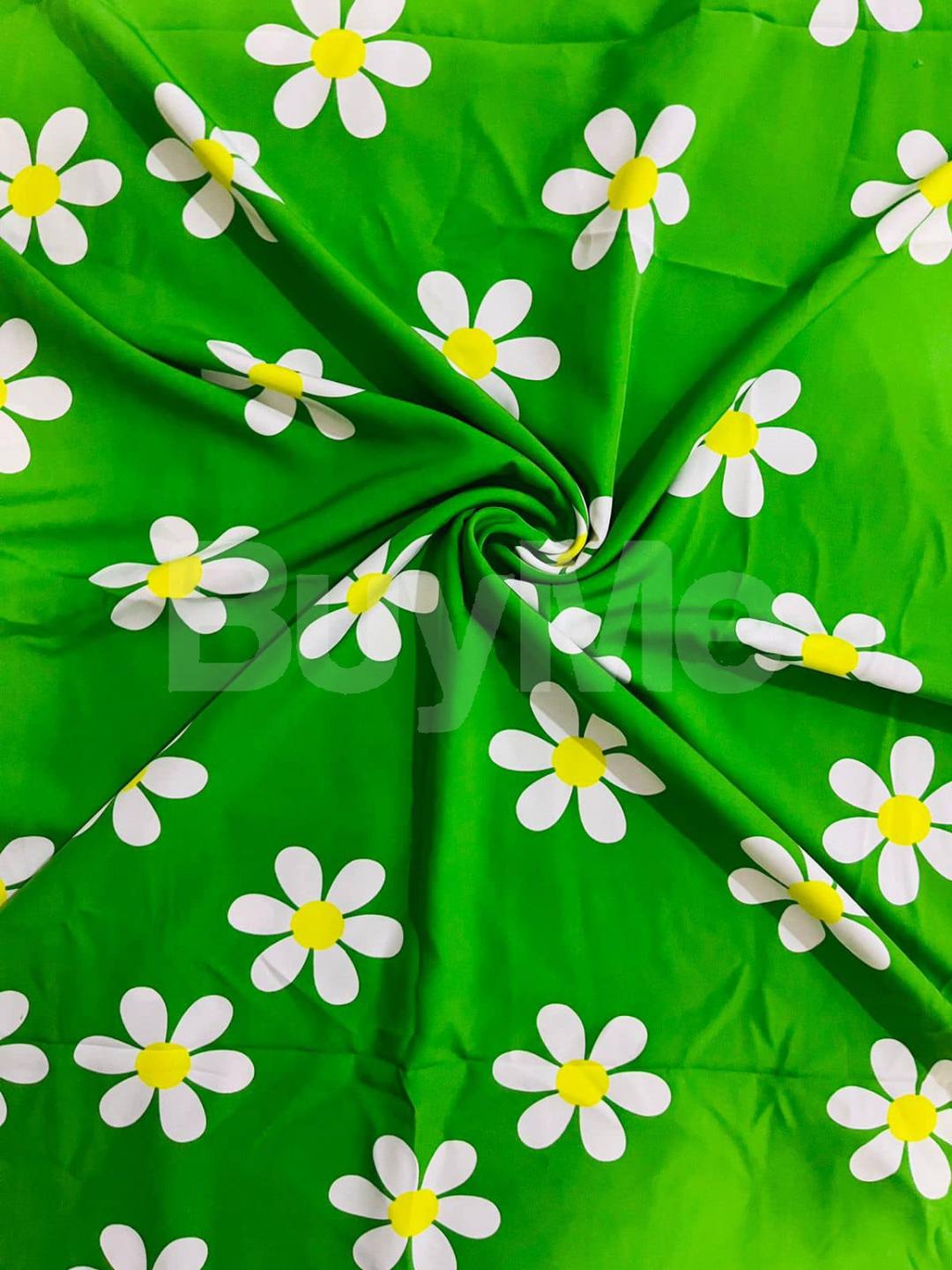 CUTLON MATERIAL(LADIES CLOTHING)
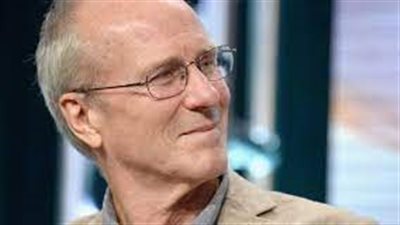 وفاة الممثل الحائز جائزة الأوسكار وليام هيرت عن عمر ناهز 71 عامًا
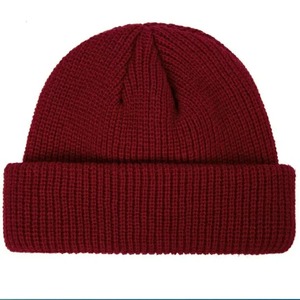 ¡Superventas! Precio barato, diseño superior, precio bajo, gorros, diseño personalizado, alta calidad disponible, hebilla de Metal, gorro al por mayor - Product Image 3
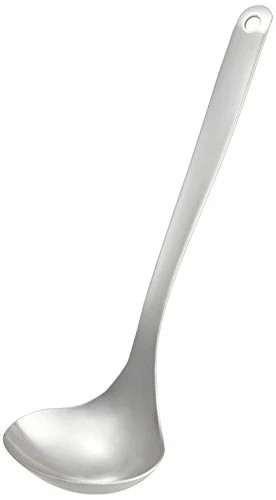 Louche sori yanagi 5 cm - s,
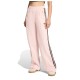 анцуг,дамски,анцузи,adidas,originals,classic,tracksuit,pants,pink,(sandy,pink,aurora,coffee)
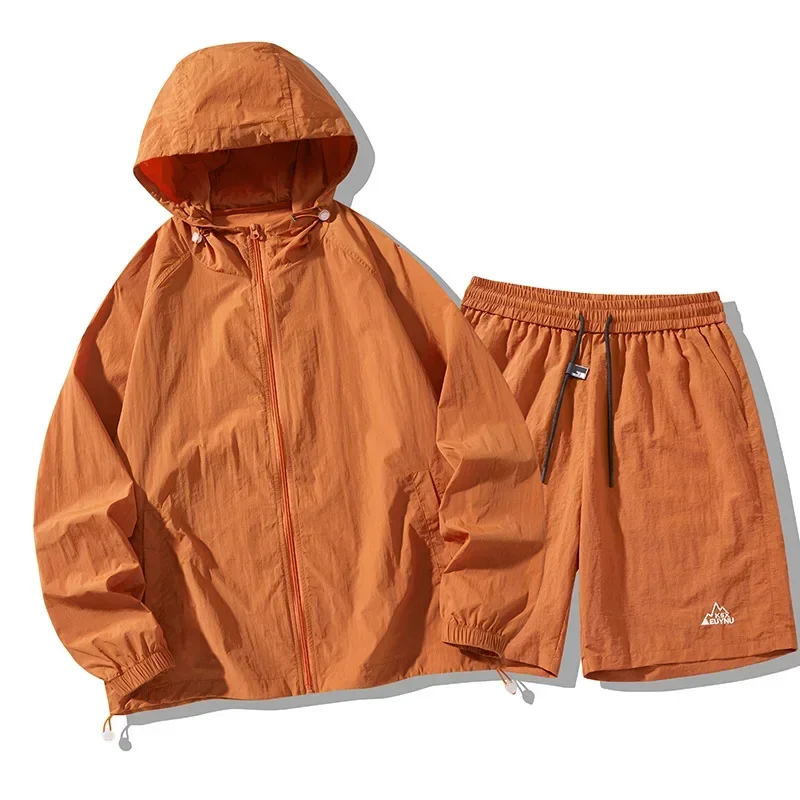 Set Sportivo Unisex con Protez - Outdoor Sport Climbing Gear recensione e prezzo
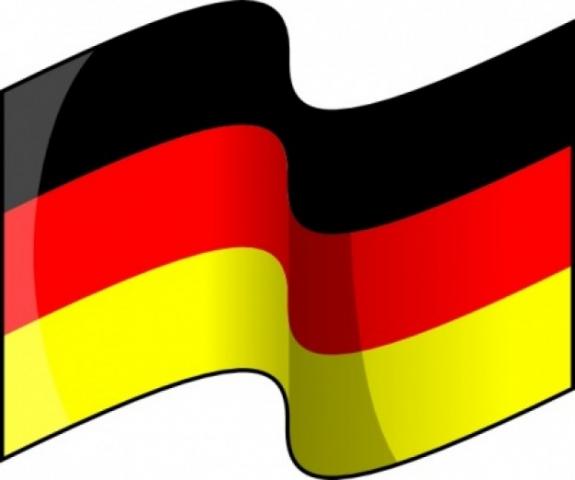 waving-german-flag-clip-art_433457.jpg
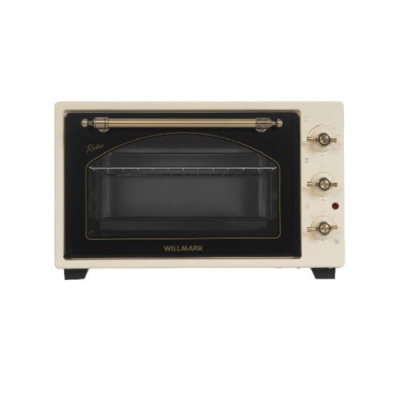 Willmark WO-453BR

******************************

> [Assigned task]:
Omit the pictures, then quote the rest of the material above exactly.

> [Answer box]:
 CUTLON MATERIAL(LADIES CLOTHING)
 وفاة الممثل الحائز جائزة الأوسكار وليام هيرت عن عمر ناهز 71 عامًا
 ¡Superventas! Precio barato, diseño superior, precio bajo, gorros, diseño personalizado, alta calidad disponible, hebilla de Metal, gorro al por mayor - Product Image 3
 Louche sori yanagi 5 cm - s,
 анцуг,дамски,анцузи,adidas,originals,classic,tracksuit,pants,pink,(sandy,pink,aurora,coffee)
 Set Sportivo Unisex con Protez - Outdoor Sport Climbing Gear recensione e prezzo
 waving-german-flag-clip-art_433457.jpg
 Willmark WO-453BR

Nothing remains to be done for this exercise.